Anaithinthiya Thamizhaga Munnetra Kazhagam (All India Federation for the Progress of Tamilians) is a political party in Tamil Nadu, India. It is registered with the Election Commission of India.
Founded by, Dr Guruswami Siddhan, This is a registered political party aiming to unite Mallars and promote political awareness and unity among Devendra Kula Velalars. The party was launched on October 23, 1995, in Madurai, with around 100,000 participants, marking the largest rally in Madurai at that time, supported by a significant police presence.

This party educates Mallars on politics, political theories, and the current caste politics of Tamil Nadu and India. It aims to unite Mallars, Kudumbars, and Devendra Kula Velalars on a political platform, emphasizing that caste unity must be converted into political unity to gain political status and act as a pressure group. The party has contested elections in 1996 and subsequent elections.

==Founder==
Dr. Guruswami Siddhan is a civil engineer and social activist known for his significant contributions to the Devendra Kula Velalar community. Born on 5 May 1941 (official records state 13 August 1942) in Sa.

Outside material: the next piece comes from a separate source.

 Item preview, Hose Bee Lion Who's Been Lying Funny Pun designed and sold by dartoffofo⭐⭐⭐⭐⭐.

Ganapathi Palayam, Gobichettipalayam Taluk, Erode District, Tamil Nadu.

Grandfather: Periyakarupan Pannadi

Father: Guruswami Pannadi

Mother: Veeramaal Pannadichi

Dr. Siddhan has 5 siblings: Two sisters and Two brothers.
Kunjaaya, Chinnammani, Karupannan, Marriappan.

Dr. Siddhan's youngest brother, Dr. Marriappan or Dr. Marriappa Mallar is also a tamil research scholar, who has authored various books and has played a pivotal part in the community.

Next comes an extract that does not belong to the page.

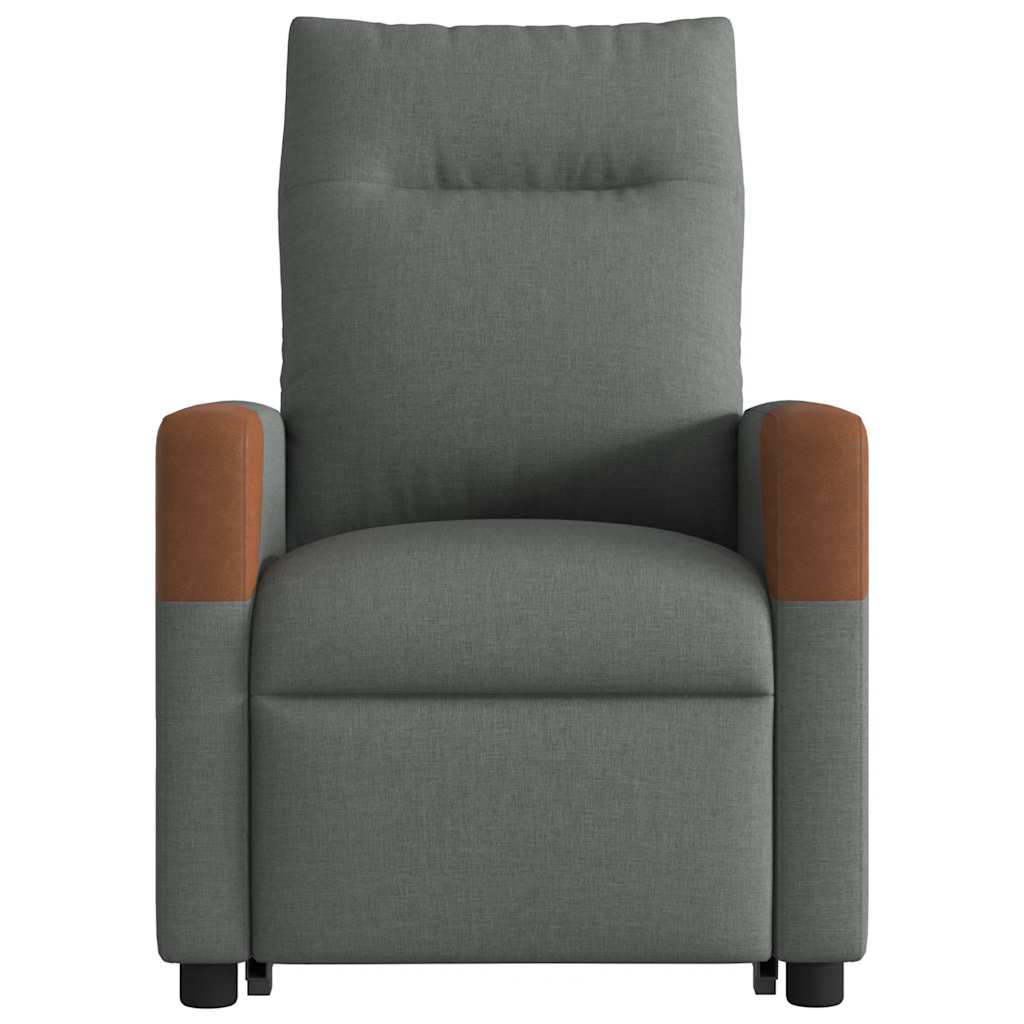 Poltrona Alzapersona Reclinabile Elettrica Grigio Scuro Tessuto | homemem39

Dr. Siddhan holds a B.E. from the Govt. College of Technology, Coimbatore (1964), an M.Sc. (Engg.) from the College of Engineering, Guindy, Chennai (1968), and a Ph.D. from the University of Connecticut, USA (1976). After two decades of teaching at the Tamilnadu Government College of Engineering, he shifted focus to social work in 1984.

Despite his outstanding qualifications and achievements, he faced discrimination when it came to high-level positions, like being denied the Vice-Chancellor role due to his caste background.

He established the Devendra Forum (1989), Devendra Kula Velalar Sangam (1993), and the Mallar Malar monthly magazine (1995) before founding the Anaithinthiya Thamizhaga Munnetra Kazhagam political party in October 1995. This party aims to unite and promote political awareness among the Mallar, Kudumbar, and Devendra Kula Velalar communities. Through the Tamil Culture and Social Research Forum, he collaborates with historians and archaeologists to explore the Devendra clan's history, including the Chola and Pandyan Movendras.

Dr. Siddhan's publications include Tamil Ilakkiyathil Pallar (Mallar) Devendra Kula Velalar (1993), Thamizhar Panpaattu Varalaaru (three volumes), and numerous research articles on Devendra culture.

He married Annapoorani Siddhan in 1966, and they have two children: G. S Mallika And G. S Senthilkumar. Dr. Siddhan's political presence deteriorated as he aged. He died in March of 2024, succumbing to age related issues.

==Social Reform works==

Siddhan believed that the real way forward for his community was to break free from these imposed identities and focus on gaining economic and political power. He questioned the continued dependence on government reservations and pushed for self-reliance. Siddhan pointed out that many other groups were benefiting more from the reservation system while his community was still being held back by stigma and discrimination.

==Legacy==
Gurusamy Siddhan’s message was clear: true progress requires breaking free from the labels and limitations placed by society. He encouraged education, self-empowerment, and standing up against systemic injustice. Through his words and actions, Siddhan inspired others to challenge the status quo and work towards a more equal future for all.